The McCormick Reaper of 1845 in the Field, with a Seat Added for the Raker
Formerly the raker walked by the side of the machine.
In 1831 came McCormick’s reaper, the first practical machine of its kind ever taken into the field. It was crude at first, but improved from year to year. Although McCormick’s reaper was not patented until 1834, one year after the patent granted to Obed Hussey for his reaper, young McCormick gave a public exhibition in Virginia three years before, in 1831. It was in the fall of that year when Cyrus McCormick hitched four horses to his machine, which had been built in the old blacksmith shop at Steel’s Tavern, and drove into a field of late oats on the farm of John Steele, adjoining his father’s. The reproduction of an old lithograph depicting this scene indicates the interest of the neighbors in this event. Although the United States had been established more than fifty years past, this was the first grain that had ever been cut by machinery. McCormick’s machine continued to operate to the surprise of everyone and in less than half a day had reaped six acres of oats—as much as six men would have done by the old-fashioned method.

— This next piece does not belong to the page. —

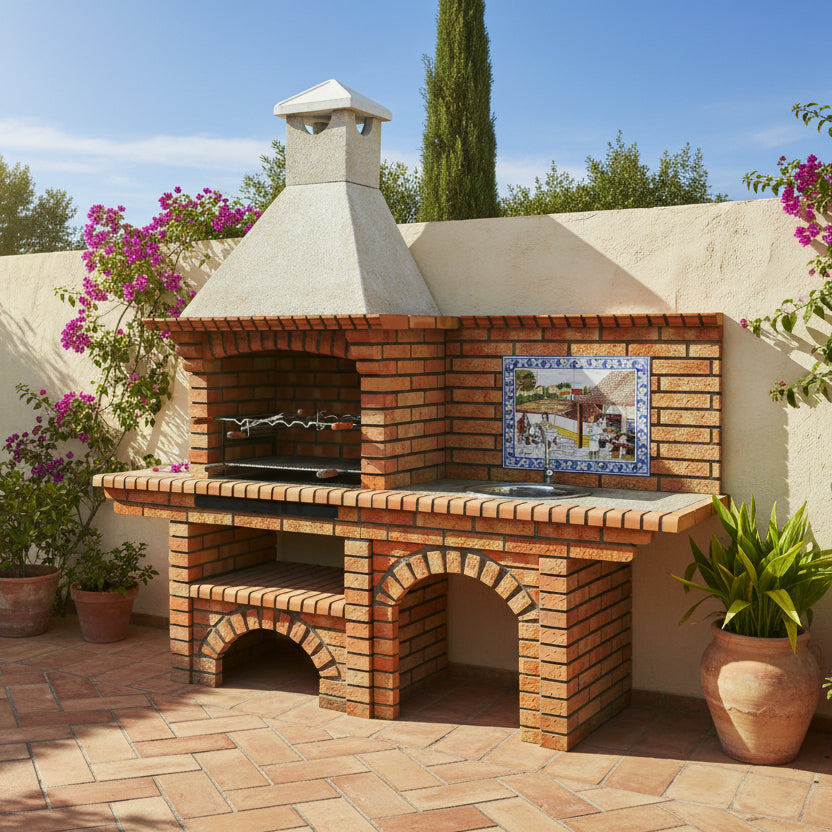 Calabria 502G – Barbecue in mattoni e pietra ricostituita con piano di lavoro – apertura da 70 cm
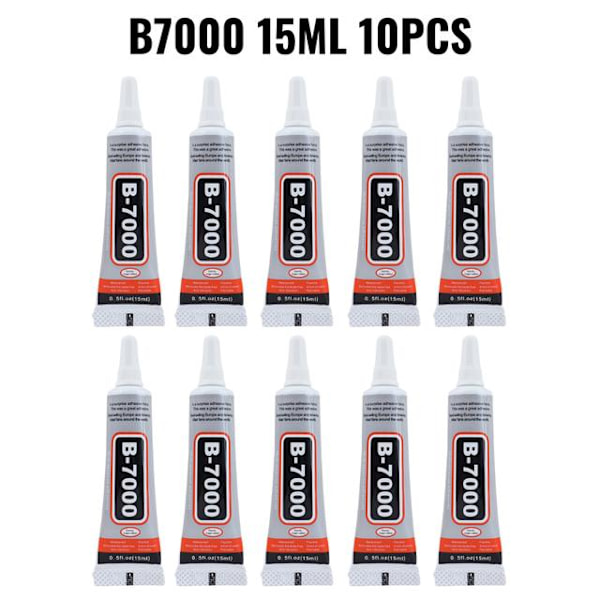 110ML 50ML 25ML 15ML 3ML B7000 Klar Kontakt Telefon Reparationslim Universal Glas Plast DIY Lim B-7000 Med Præcisionsapplikator Matches the image B7000 15ML 10PCs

This was not the first attempt of a McCormick to solve the problem of harvesting wheat by machinery, for Robert McCormick, the father of Cyrus, had, himself, worked on a machine of this kind as far back as 1816. His father tried it again in 1831 and abandoned it, and in that same year the son Cyrus took up the work and started the world toward cheaper bread.
McCormick Reaper of 1858
The first practical reaper taken into the field in 1831 embodied the essential parts of the reaper with which we are familiar. It had a platform for receiving the grain, a knife for cutting it, supported by stationary fingers over the edge, and a reel to gather it. The driver of the machine rode one of the horses, while the man who raked off the grain walked by the side of the machine.